**Exercise instructions:**
Begin with the line that holds "Ein dunkelblauer Audi" and repeat each line after it exactly, ending with the last line of the listing.

**Collected material:**
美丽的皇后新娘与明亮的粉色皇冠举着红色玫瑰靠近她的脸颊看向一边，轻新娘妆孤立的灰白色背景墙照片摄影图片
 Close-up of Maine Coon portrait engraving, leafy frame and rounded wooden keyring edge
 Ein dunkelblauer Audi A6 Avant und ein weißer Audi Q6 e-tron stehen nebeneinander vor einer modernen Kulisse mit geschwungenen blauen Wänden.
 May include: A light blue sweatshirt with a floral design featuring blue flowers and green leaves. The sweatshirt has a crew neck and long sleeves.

**The answer:**
 Ein dunkelblauer Audi A6 Avant und ein weißer Audi Q6 e-tron stehen nebeneinander vor einer modernen Kulisse mit geschwungenen blauen Wänden.
 May include: A light blue sweatshirt with a floral design featuring blue flowers and green leaves. The sweatshirt has a crew neck and long sleeves.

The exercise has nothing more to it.